Что писал он, ожидая еженощного звонка в дверь, скрываясь от слежки, пребывая в нелегальщине?
Он писал пронзительно светлые страницы о Матиссе. В них счастье чувства. Он был влюблен в Матисса, и эта влюбленность стала книгой.
Роман написан в темные годы, между арестами, бегством, страхом за жизнь, но стихия чувства — светла, именно она стала романом. Страницы этого волшебного текста светятся, слова смущенно сияют — это самое упоительное из его повествований. Когда страна его была порабощена, национальная честь попрана, он писал, он думал о наиболее французском изо всех живущих, ведь по чистоте и новизне взгляда Матисс — наиболее французский художник. Матисс — Франция, цвета надежды.
Странно это, но когда вам тоскуется, возьмите эту книгу — вы окунетесь в эти цветные страницы, написанные в страшные годы одиноким поэтом, вам полегчает, и сердце просветлеет. Я не знаю более счастливого из его романов.
Арагон захлебывается, некоторые слова он пишет по-русски: например, «современник» взято им у Лермонтова. Здесь дневниковый Арагон, без маски, без рамок, без наивного и мстительного театра, это обнаженная беззаветность чувства, поэт таков, каков он есть.

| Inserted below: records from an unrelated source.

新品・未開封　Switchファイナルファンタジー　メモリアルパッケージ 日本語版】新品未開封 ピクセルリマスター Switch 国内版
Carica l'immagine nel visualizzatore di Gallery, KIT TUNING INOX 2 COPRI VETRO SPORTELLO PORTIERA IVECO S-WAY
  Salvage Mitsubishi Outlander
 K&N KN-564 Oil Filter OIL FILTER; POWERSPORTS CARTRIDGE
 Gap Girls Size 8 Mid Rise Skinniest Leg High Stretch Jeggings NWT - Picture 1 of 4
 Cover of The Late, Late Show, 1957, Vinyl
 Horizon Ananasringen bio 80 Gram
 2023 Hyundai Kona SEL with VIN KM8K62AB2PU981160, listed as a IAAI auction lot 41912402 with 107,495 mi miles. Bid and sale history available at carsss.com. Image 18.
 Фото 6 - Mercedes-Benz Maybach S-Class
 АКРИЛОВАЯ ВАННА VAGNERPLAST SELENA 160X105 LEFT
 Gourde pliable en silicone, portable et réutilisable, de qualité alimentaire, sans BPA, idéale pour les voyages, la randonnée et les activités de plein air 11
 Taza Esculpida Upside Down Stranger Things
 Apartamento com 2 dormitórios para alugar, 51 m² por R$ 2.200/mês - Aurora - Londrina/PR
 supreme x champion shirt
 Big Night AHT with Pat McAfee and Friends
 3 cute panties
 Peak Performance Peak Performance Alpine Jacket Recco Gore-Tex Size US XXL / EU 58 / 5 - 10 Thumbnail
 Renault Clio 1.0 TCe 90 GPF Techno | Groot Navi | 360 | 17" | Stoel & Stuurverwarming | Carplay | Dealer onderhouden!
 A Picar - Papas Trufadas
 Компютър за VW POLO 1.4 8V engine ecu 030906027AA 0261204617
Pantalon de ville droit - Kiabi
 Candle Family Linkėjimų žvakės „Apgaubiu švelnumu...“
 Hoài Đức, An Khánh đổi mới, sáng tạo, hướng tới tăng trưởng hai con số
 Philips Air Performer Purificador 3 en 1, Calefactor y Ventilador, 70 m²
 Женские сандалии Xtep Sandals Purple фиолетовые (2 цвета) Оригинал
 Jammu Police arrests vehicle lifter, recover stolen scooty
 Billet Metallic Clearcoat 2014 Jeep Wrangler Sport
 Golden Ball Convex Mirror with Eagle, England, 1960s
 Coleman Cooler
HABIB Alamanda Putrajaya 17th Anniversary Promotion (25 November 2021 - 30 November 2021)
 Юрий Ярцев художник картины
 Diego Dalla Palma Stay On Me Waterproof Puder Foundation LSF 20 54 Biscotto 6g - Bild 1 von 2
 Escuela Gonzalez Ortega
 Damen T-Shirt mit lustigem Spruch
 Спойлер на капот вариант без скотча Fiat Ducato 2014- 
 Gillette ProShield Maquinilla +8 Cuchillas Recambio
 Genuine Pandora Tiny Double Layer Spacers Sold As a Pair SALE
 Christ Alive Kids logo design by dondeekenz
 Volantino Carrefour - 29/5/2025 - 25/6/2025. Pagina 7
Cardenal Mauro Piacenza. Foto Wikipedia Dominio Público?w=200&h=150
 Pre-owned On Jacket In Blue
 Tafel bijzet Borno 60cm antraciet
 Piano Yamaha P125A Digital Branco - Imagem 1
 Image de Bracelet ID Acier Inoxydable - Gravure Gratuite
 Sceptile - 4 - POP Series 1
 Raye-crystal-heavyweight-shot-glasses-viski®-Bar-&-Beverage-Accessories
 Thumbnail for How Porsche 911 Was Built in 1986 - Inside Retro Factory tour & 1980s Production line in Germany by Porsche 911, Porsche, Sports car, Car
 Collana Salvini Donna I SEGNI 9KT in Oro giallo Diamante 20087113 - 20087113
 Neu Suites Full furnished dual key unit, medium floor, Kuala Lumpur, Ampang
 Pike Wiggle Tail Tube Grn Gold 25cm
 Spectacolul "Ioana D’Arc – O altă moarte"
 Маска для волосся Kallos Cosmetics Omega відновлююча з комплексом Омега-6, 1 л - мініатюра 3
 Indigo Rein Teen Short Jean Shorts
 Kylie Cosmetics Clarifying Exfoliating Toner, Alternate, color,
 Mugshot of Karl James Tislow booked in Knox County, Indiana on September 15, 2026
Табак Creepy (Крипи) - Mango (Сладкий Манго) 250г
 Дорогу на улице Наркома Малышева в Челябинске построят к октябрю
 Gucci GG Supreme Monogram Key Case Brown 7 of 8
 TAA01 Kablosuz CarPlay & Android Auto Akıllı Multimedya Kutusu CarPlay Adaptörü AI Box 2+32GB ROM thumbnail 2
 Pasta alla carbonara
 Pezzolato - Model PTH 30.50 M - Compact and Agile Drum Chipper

Для него Матисс — поэт, так же как Бодлер и Петрарка. Он яростно защищает Петрарку от гробокопателей, как себя защищает от прижизненных и посмертных мировых сплетников. Сам он, продолжая Блока и полемизируя с ним, ввел Прекрасную Даму в ежедневный быт. Проза поэта открывает внутреннюю стихию его, в ней упоение и отчаяние. Роман писался тридцать лет, прочитайте его, вы почувствуете истинного Арагона. Сегодня в нашем холодном веке чувство — редкий гость в литературе, порой лишь злость озаряет перо — это повесть безоглядной влюбленности, исповедь любви одного художника к другому, хотя их и разделяли десятилетия возраста.